The odds were all to the Yes on Proposition15’s liking. If they were ever going to inflict changes to California’s iconic property tax law, Proposition 13, the 2020 general election was the time to do it. But Prop 15 failed because of the respect Proposition 13 still has from Californians.

The Yes campaign saw this 2020 election opportunity from afar. Remember, they had already collected enough signatures for the 2018 election on a split roll property tax to assess business property on a regular schedule. But looking at the landscape of the 2020 election—a presidential contest featuring incumbent Donald Trump that large majorities of California voters in poll after poll indicated they detested—would bring a mass of voters, theoretically sympathetic to a split roll.

So split roll advocates went to work again, ignored the millions of dollars spent to qualify the earlier measure, and gathered more signatures for what became Proposition 15.

Then they received a gift from the Attorney General’s office, which is required to write a balanced ballot label, title and summary for every initiative. The AG submitted a biased title and summary that was even criticized by newspaper editorials in newspapers that eventually endorsed Proposition 15. However, because courts give deference to the Attorney Generals when it comes to writing ballot summaries, the description of the AG stood.

Many voters, who don’t study ballot measures deeply, rely on the wording of the label, title and summary to decide how to vote.

Then the pandemic hit. The effect on the voters could have flowed to either side of the Prop 15 debate.

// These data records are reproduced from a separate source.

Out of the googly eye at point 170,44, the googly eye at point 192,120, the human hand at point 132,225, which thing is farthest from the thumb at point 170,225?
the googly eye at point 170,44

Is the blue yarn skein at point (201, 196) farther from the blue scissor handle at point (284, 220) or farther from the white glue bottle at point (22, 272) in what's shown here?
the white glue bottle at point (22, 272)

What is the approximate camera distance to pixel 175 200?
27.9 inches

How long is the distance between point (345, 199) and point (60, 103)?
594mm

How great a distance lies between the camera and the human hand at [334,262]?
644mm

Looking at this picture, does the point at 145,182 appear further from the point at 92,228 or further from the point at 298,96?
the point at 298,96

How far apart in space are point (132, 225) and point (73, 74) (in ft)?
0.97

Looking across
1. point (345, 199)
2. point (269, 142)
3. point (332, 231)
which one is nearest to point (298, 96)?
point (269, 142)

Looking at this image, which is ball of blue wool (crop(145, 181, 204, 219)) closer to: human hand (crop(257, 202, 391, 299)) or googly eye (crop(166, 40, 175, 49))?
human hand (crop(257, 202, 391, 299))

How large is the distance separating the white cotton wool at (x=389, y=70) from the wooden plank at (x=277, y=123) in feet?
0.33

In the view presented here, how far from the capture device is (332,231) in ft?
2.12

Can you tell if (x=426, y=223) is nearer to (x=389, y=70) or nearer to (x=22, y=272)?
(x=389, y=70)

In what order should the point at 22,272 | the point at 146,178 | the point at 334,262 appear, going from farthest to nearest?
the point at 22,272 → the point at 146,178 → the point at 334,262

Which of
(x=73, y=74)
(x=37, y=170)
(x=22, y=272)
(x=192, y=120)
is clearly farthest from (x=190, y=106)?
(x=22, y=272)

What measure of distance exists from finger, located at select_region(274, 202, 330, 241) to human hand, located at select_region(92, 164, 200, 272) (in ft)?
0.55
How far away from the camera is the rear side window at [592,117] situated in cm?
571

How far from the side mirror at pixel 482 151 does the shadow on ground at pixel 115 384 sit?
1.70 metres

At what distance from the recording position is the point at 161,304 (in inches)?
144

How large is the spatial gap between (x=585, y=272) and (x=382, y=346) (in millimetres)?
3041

Yes on 15 supporters originally argued that the chief reason Proposition 15 must pass was to supply money for schools. However, with the pandemic cutting government budgets for supplies, protective equipment and needs to confront the crisis, the language shifted. Money was needed to allow local governments to battle the results of the disease. Not that schools were lost in the equation. The proponents’ message said that school budgets were in jeopardy as well.

On the other hand, voters recognized that businesses were damaged by the lockdown and would have a hard time recovering if the property tax increase supposedly aimed at big companies trickled down to small businesses.

The voters who took part in the election were not particularly against taxes. While the score is still being tabulated, a good percentage of local taxes and bonds passed election day. But not the big property tax measure on the statewide ballot.

Given the circumstances surrounding the Proposition 15 campaign, it must be concluded it was allegiance to the Proposition 13 tax revolt, more than 40 years after passing, that helped defeat Proposition 15.

Rob Lapsley, president of the California Business Roundtable and a co-chair of the No on Prop 15 campaign, put Proposition 13’s place in California tax policy in perspective: Proposition 13 was “the last tax protection in the highest tax state in the country.”

Homeowners were concerned that Proposition 15 was the first step in dismantling Proposition 13 for residential property.

What was revolutionary about Proposition 13 was the certainty it provided taxpayers. Before Proposition 13 passed, that certainty belonged to the tax collectors. After Proposition 13, certainty in property taxation was in the hands of individual taxpayers. They knew what they had to pay and how much the tax bill would go up year to year. No surprises.

Certainty is no small thing when it comes to taxation. Adam Smith, author of the seminal work on economics, The Wealth of Nations, wrote in his book, “The certainty of what each individual ought to pay is, in taxation, a matter of so great importance, that a very considerable degree of inequality…is not near so great an evil as a very small degree of uncertainty.” 

Proposition 13 preserves tax certainty for voters. 

Proposition 13 defeated Proposition 15.